Abu Sulaiman, semoga Allah merahmatinya, pernah mengatakan :
Ahli malam (yakni, orang yang gemar qiyamullail) di malam hari mereka lebih menikmati kelezatan hidup, daripada orang-orang yang gemar bermain yang sedemikian menikmati permainan mereka. Andai bukan karena waktu malam, tidaklah aku suka untuk tetap hidup di dunia. Dan, tengah malam bagi para pecinta (kepada Allah) digunakan untuk menyendiri dengan bermunajat kepada kekasih mereka. Sedagkan akhir malam menjelang fajar bagi para pendosa digunakan untuk beristighfar (memohon ampunan kepada-Nya) atas dosa-dosa mereka…
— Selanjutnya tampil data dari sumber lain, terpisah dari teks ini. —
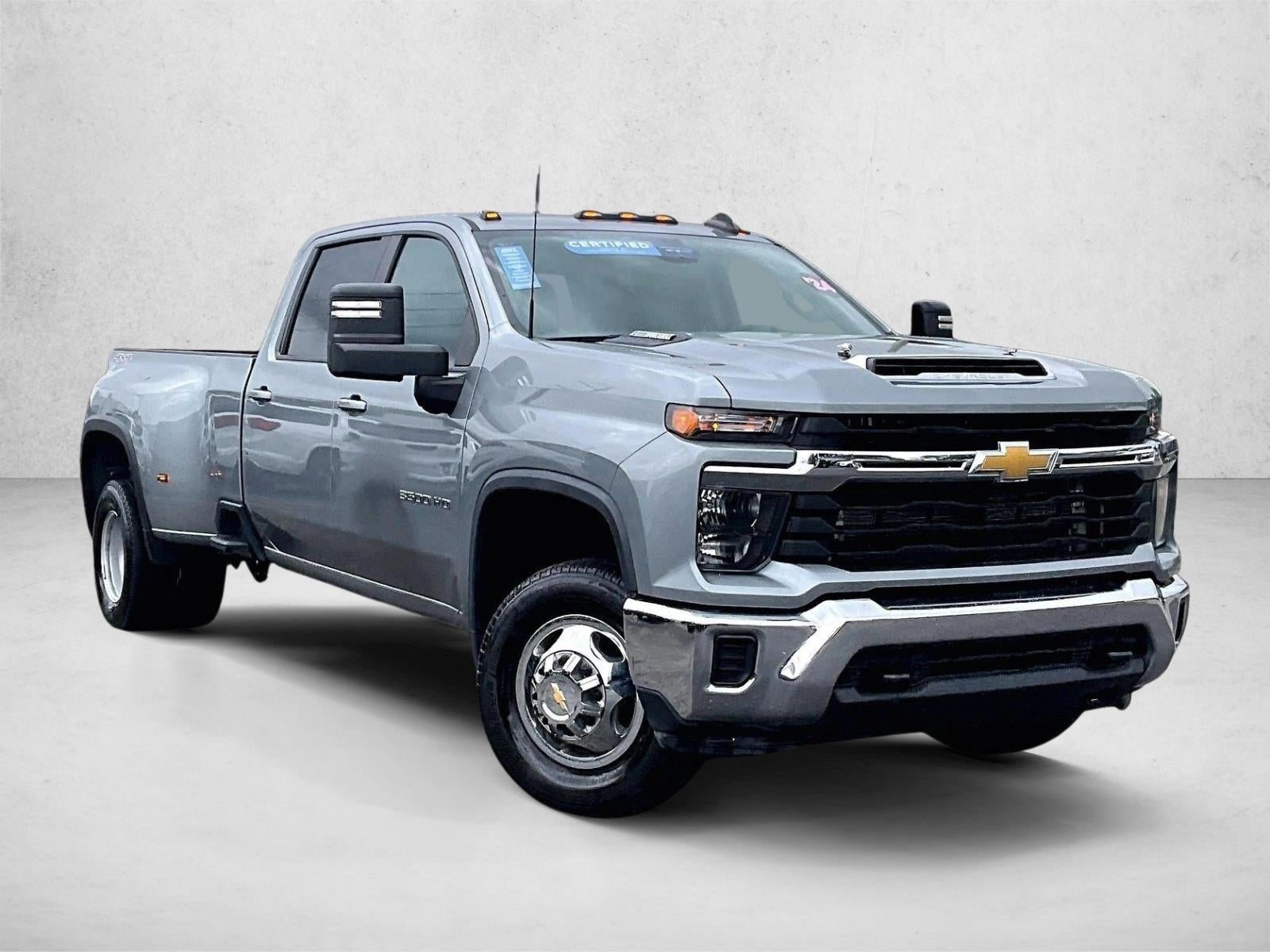 2024 Chevrolet Silverado 3500 HD LT DRW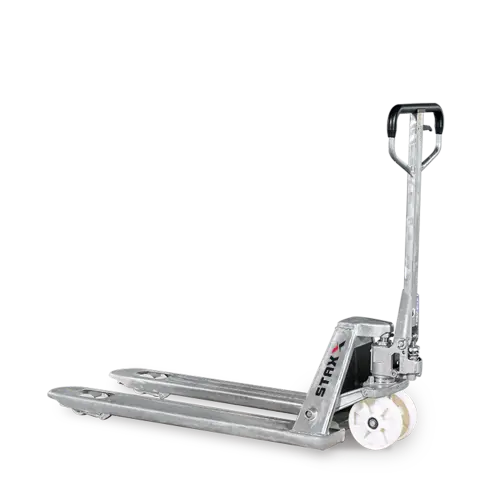 Galvanized and Inox Series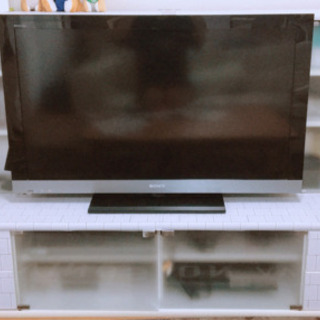 大型テレビボード　テレビ台お譲りします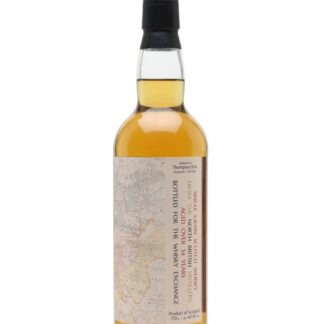North British 1991 / 34 Year Old / Thompson Bros for The Whisky Exchange Single Whisky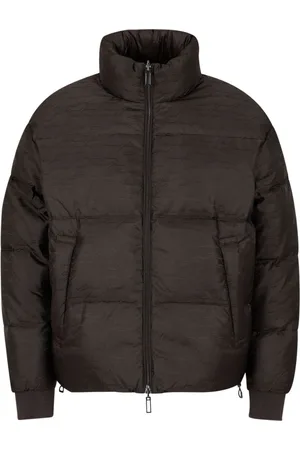 Emporio Armani Reversible padded jacket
فَمَنْ عَجِزَ عَنْ مُسَابَقَةِ الْمُحِبِّيْنَ فِي مَيْدَانِ مِضْمَارِهِمْ فَلَا يَعْجِزْ عَنْ مُشَارَكَةِ الْمُذْنِبِيْنَ فِي اِسْتِغْفَارِهِمْ وَ اعْتِذَارِهِمْ

Karena itu, barang siapa yang merasa tidak mampu berlomba bersama para pecinta di arena perlombaan mereka, maka janganlah ia merasa tidak mampu untuk ikut serta bersama para pendosa dalam beristighfar (memohon ampun) dan permintaan maaf mereka (kepada-Nya).